((

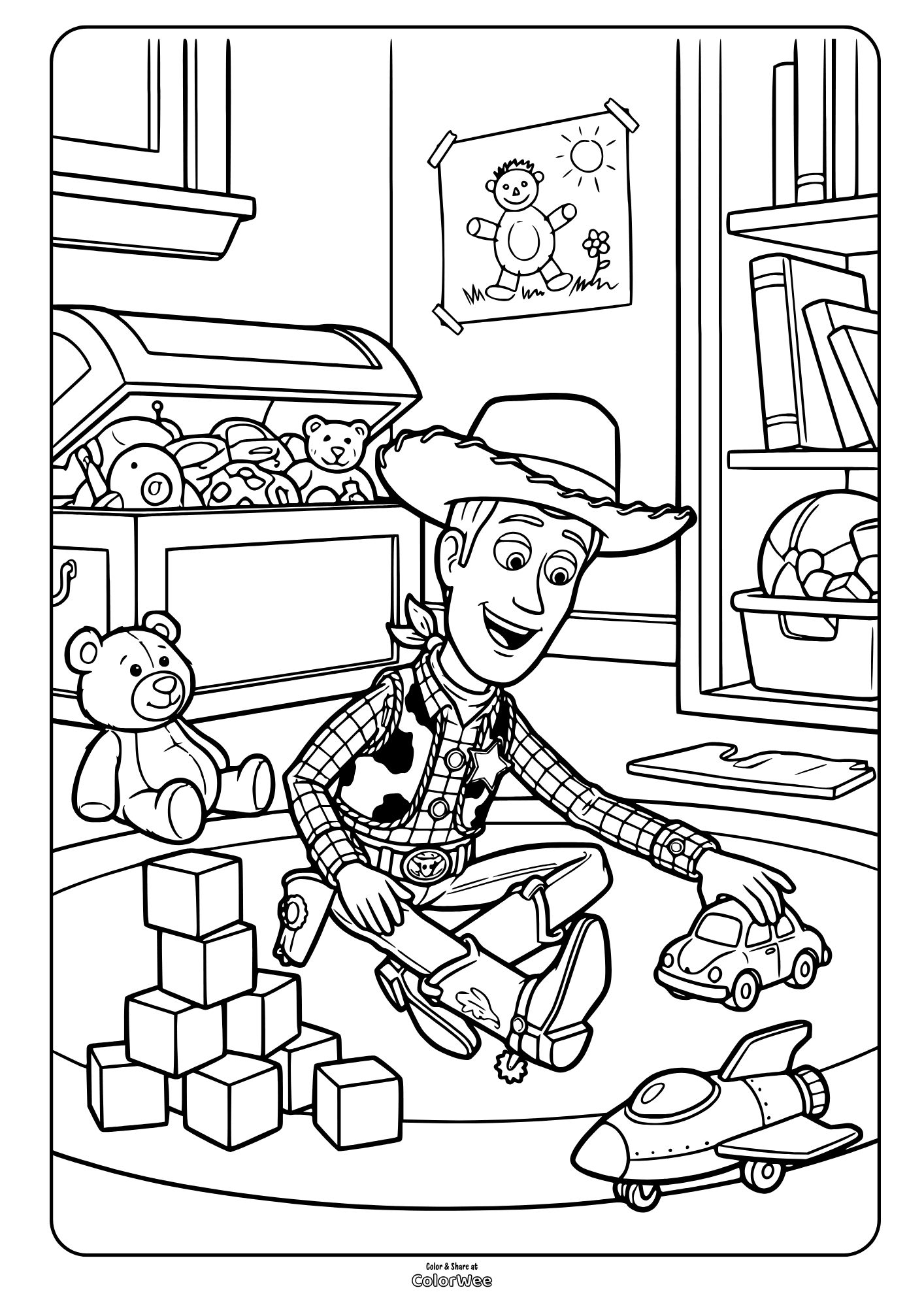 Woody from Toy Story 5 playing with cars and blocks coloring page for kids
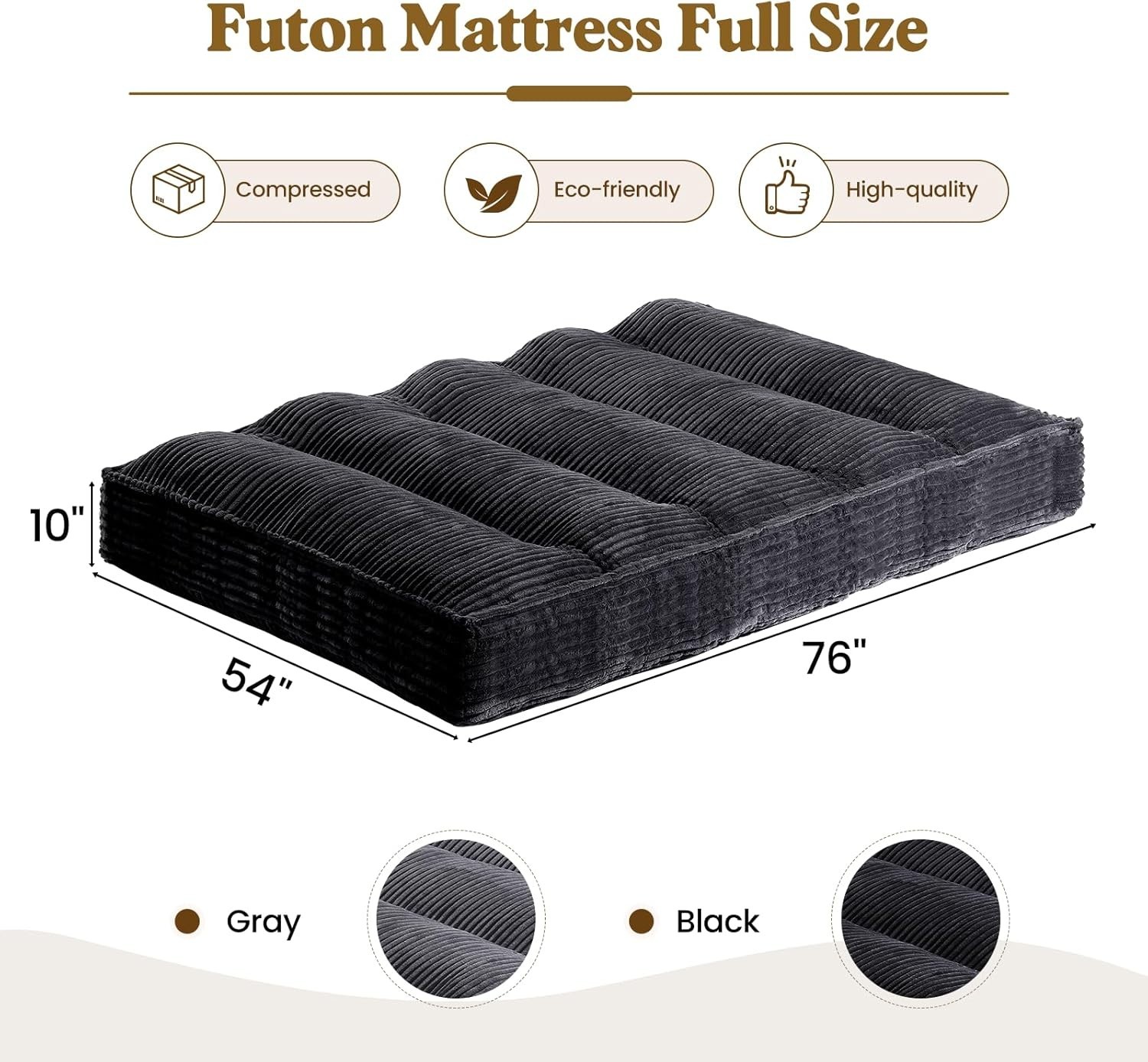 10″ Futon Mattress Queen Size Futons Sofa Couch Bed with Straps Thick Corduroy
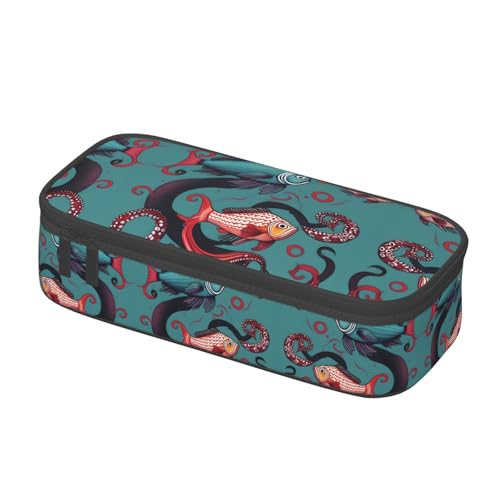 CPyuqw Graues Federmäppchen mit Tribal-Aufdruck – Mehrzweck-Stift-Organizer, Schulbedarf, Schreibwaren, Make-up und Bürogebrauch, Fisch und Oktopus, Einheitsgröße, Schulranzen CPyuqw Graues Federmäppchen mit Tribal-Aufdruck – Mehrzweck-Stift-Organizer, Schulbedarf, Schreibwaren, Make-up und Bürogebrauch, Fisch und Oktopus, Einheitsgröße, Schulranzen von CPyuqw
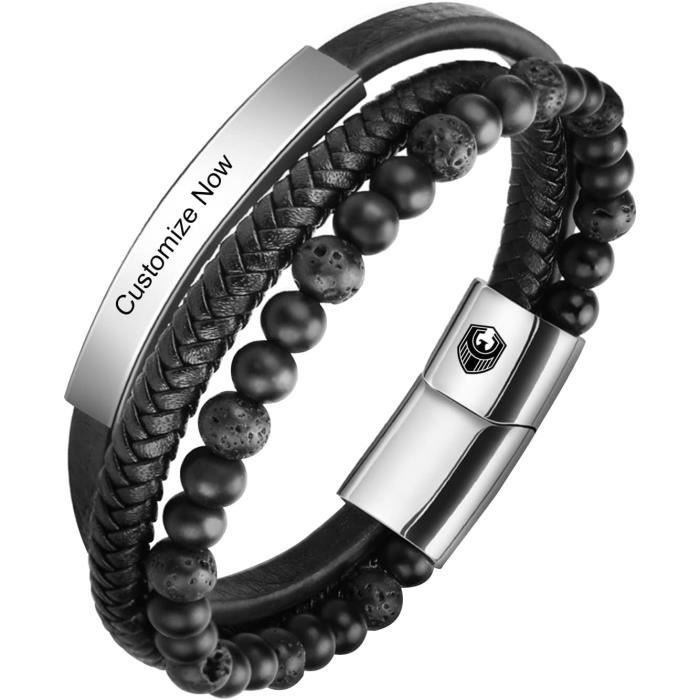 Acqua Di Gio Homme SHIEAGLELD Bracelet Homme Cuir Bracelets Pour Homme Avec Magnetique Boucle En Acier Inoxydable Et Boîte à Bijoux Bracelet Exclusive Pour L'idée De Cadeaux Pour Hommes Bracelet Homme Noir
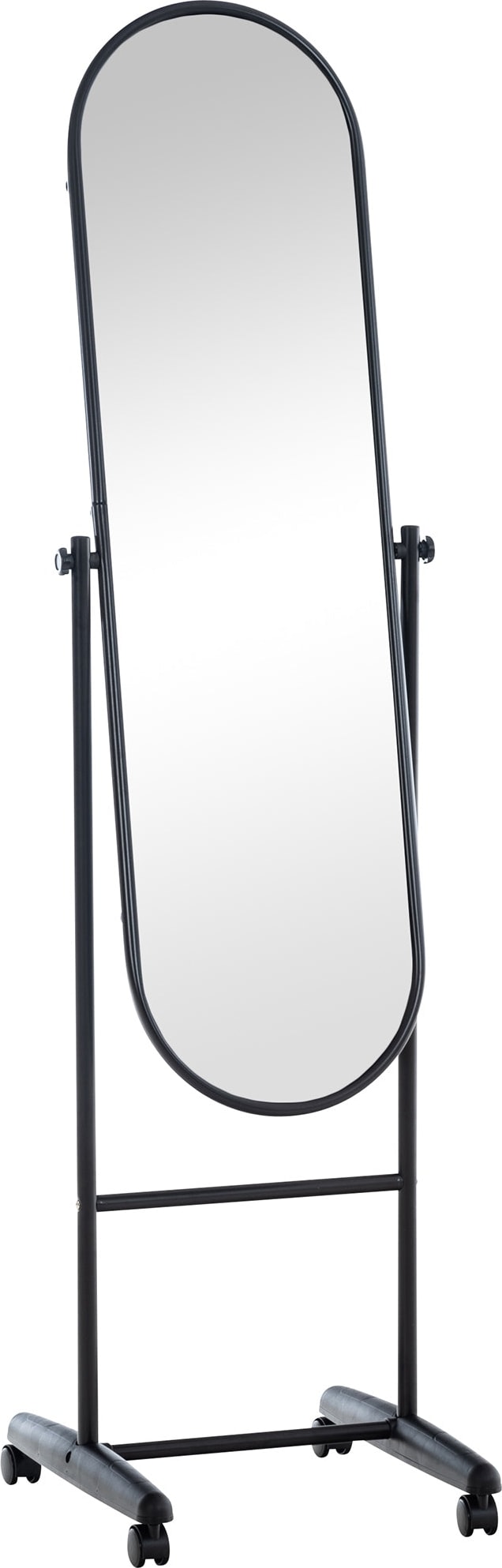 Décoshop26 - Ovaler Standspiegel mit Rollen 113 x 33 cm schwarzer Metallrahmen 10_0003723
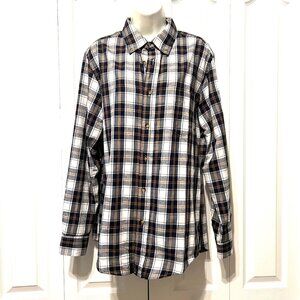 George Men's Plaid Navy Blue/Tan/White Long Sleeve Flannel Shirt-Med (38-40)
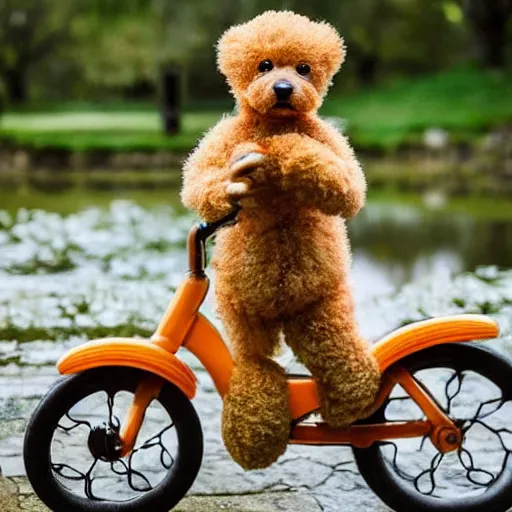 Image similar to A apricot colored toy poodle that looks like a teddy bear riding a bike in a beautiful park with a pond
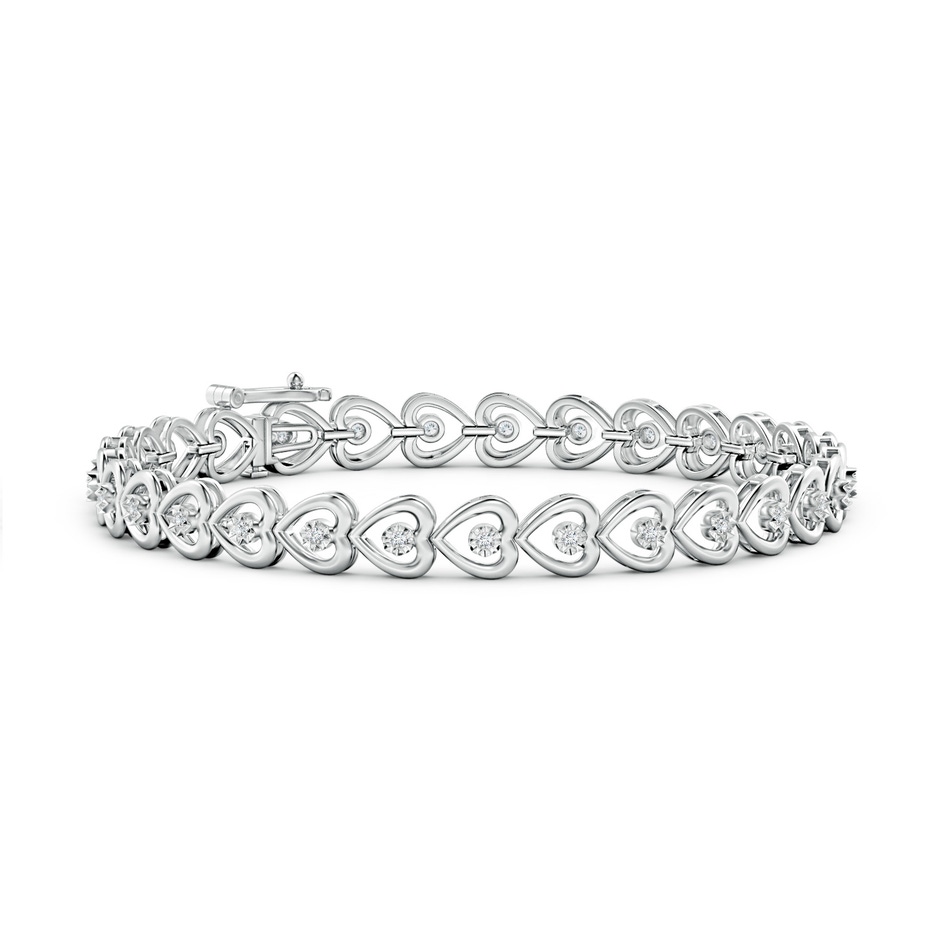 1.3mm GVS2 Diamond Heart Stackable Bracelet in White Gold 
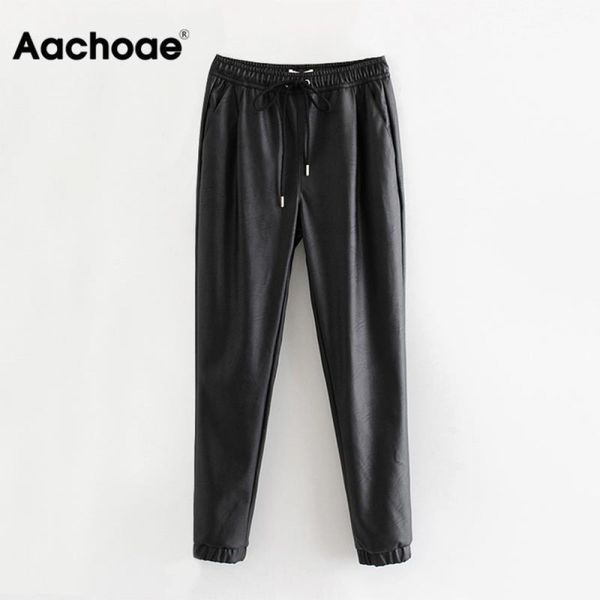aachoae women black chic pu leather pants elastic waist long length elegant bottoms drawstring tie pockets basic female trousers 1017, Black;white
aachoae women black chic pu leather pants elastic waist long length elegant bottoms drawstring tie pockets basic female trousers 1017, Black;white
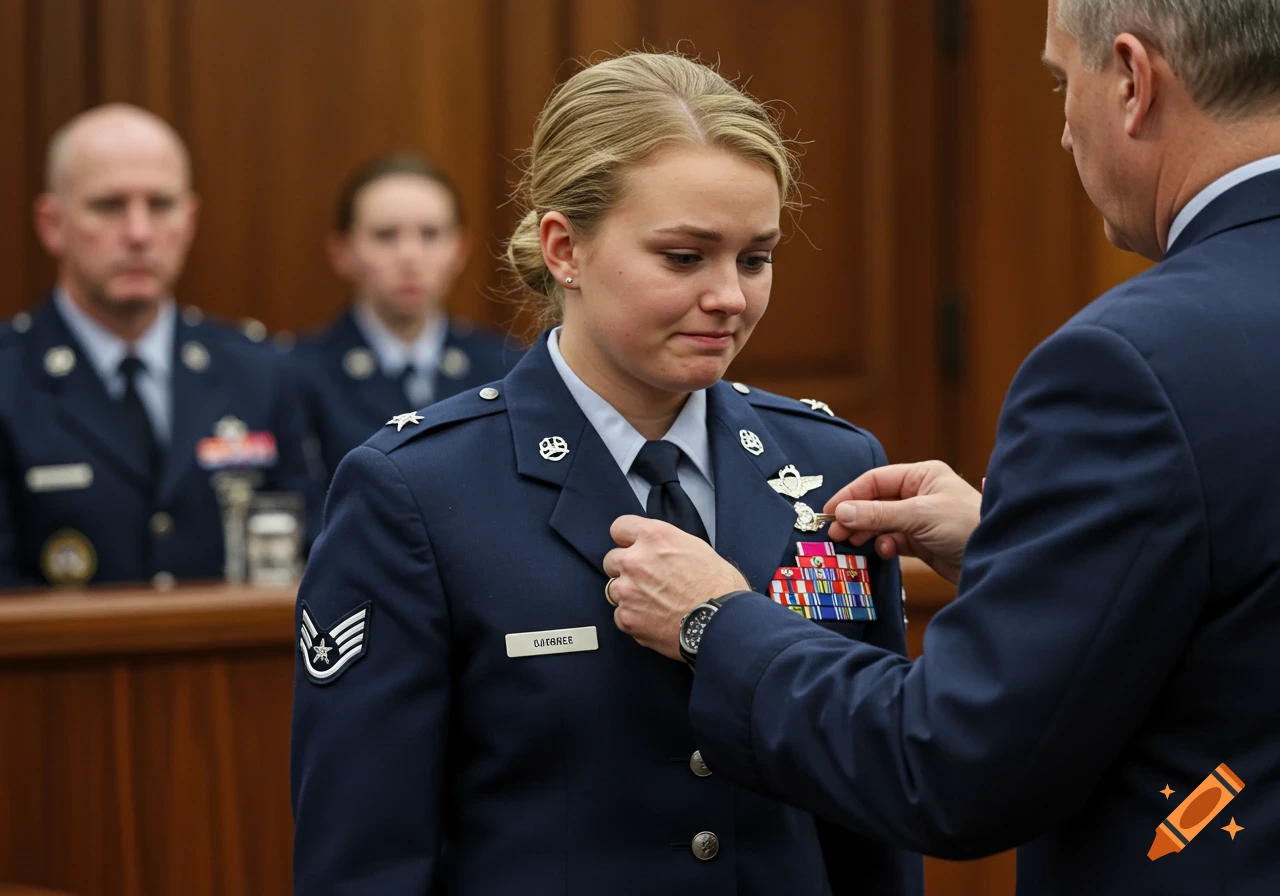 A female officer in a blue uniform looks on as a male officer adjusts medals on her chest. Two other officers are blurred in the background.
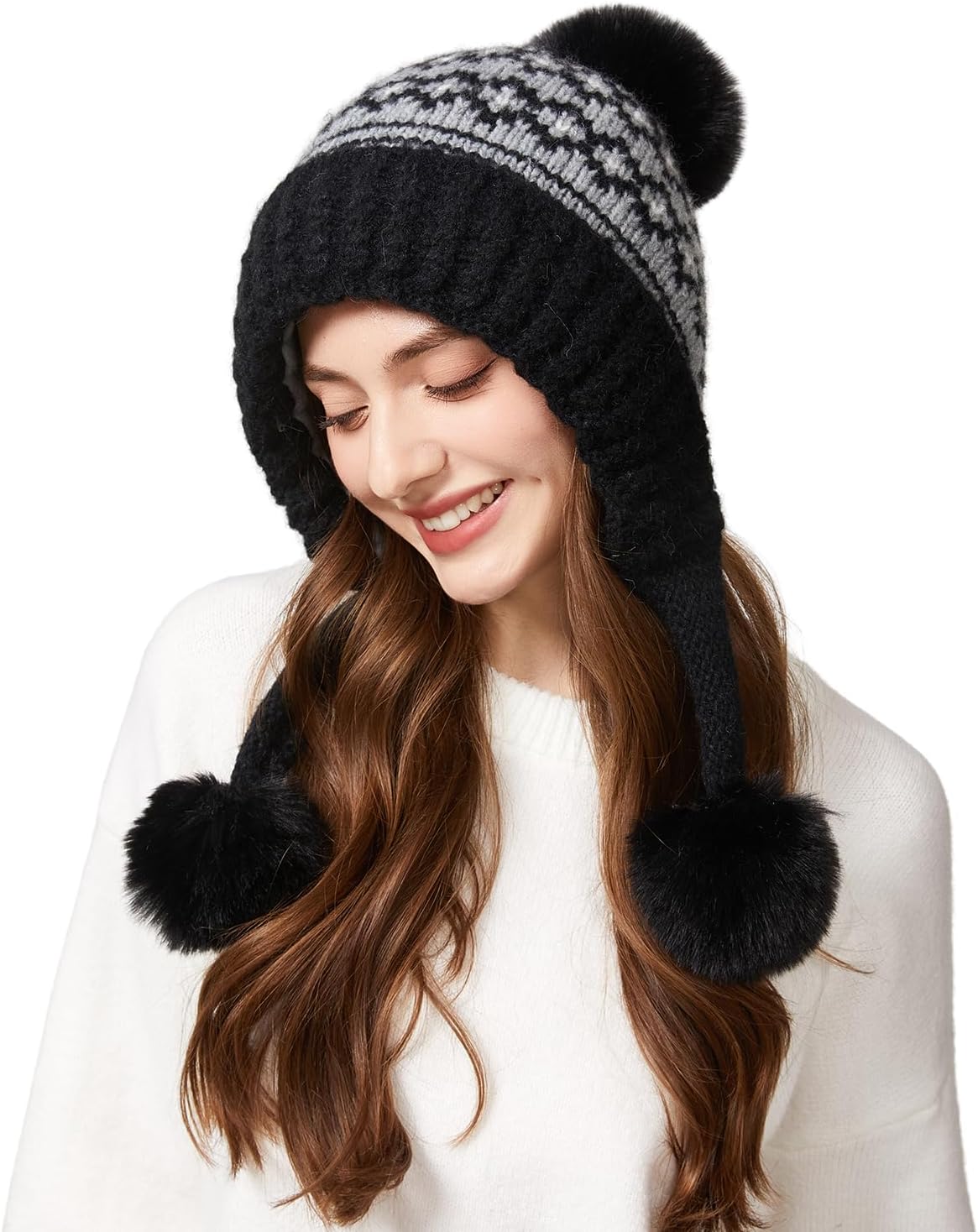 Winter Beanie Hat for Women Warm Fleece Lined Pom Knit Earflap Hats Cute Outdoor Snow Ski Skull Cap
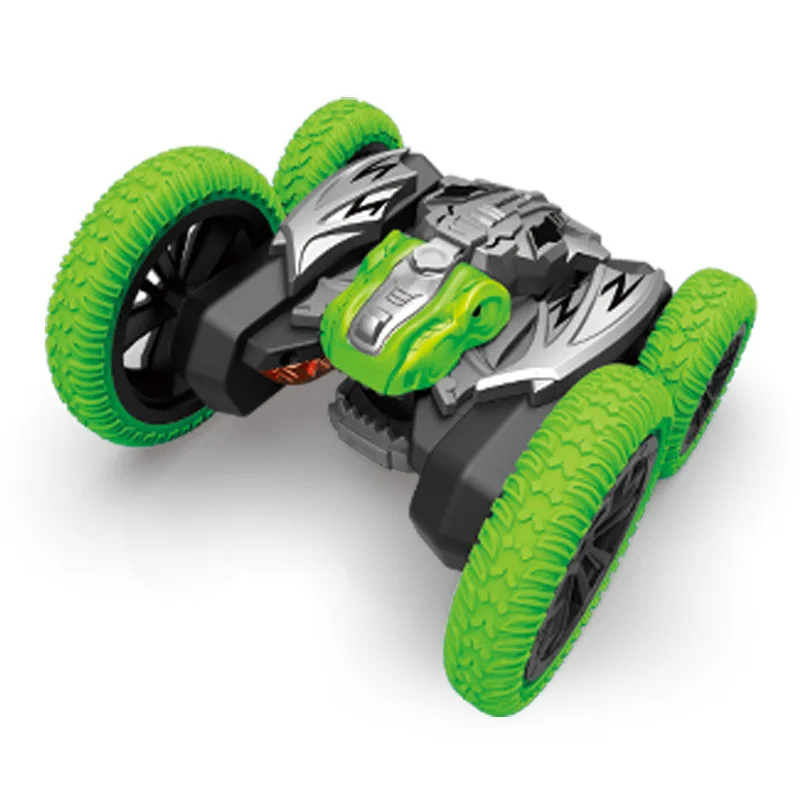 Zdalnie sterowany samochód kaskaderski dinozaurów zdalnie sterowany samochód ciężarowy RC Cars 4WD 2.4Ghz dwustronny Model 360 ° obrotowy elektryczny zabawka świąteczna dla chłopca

))

Using the records above, return verbatim only the part that opens with the line containing "10″ Futon Mattress" and closes with the line containing "Winter Beanie Hat"; pictures stay out.

 10″ Futon Mattress Queen Size Futons Sofa Couch Bed with Straps Thick Corduroy
 CPyuqw Graues Federmäppchen mit Tribal-Aufdruck – Mehrzweck-Stift-Organizer, Schulbedarf, Schreibwaren, Make-up und Bürogebrauch, Fisch und Oktopus, Einheitsgröße, Schulranzen CPyuqw Graues Federmäppchen mit Tribal-Aufdruck – Mehrzweck-Stift-Organizer, Schulbedarf, Schreibwaren, Make-up und Bürogebrauch, Fisch und Oktopus, Einheitsgröße, Schulranzen von CPyuqw
 Acqua Di Gio Homme SHIEAGLELD Bracelet Homme Cuir Bracelets Pour Homme Avec Magnetique Boucle En Acier Inoxydable Et Boîte à Bijoux Bracelet Exclusive Pour L'idée De Cadeaux Pour Hommes Bracelet Homme Noir
 Décoshop26 - Ovaler Standspiegel mit Rollen 113 x 33 cm schwarzer Metallrahmen 10_0003723
 George Men's Plaid Navy Blue/Tan/White Long Sleeve Flannel Shirt-Med (38-40)
 Image similar to A apricot colored toy poodle that looks like a teddy bear riding a bike in a beautiful park with a pond
 1.3mm GVS2 Diamond Heart Stackable Bracelet in White Gold 
aachoae women black chic pu leather pants elastic waist long length elegant bottoms drawstring tie pockets basic female trousers 1017, Black;white
aachoae women black chic pu leather pants elastic waist long length elegant bottoms drawstring tie pockets basic female trousers 1017, Black;white
 A female officer in a blue uniform looks on as a male officer adjusts medals on her chest. Two other officers are blurred in the background.
 Winter Beanie Hat for Women Warm Fleece Lined Pom Knit Earflap Hats Cute Outdoor Snow Ski Skull Cap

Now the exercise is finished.